(ACTION ITEM)
Lines to be reproduced exactly: the one that holds "Planar 304/1 Network" and all those after it through the end of the data. Include no others.
START AVAILABLE DATA
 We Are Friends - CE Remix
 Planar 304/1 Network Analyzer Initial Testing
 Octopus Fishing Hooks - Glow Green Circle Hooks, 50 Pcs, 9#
END AVAILABLE DATA
(TASK RESPONSE)
 Planar 304/1 Network Analyzer Initial Testing
 Octopus Fishing Hooks - Glow Green Circle Hooks, 50 Pcs, 9#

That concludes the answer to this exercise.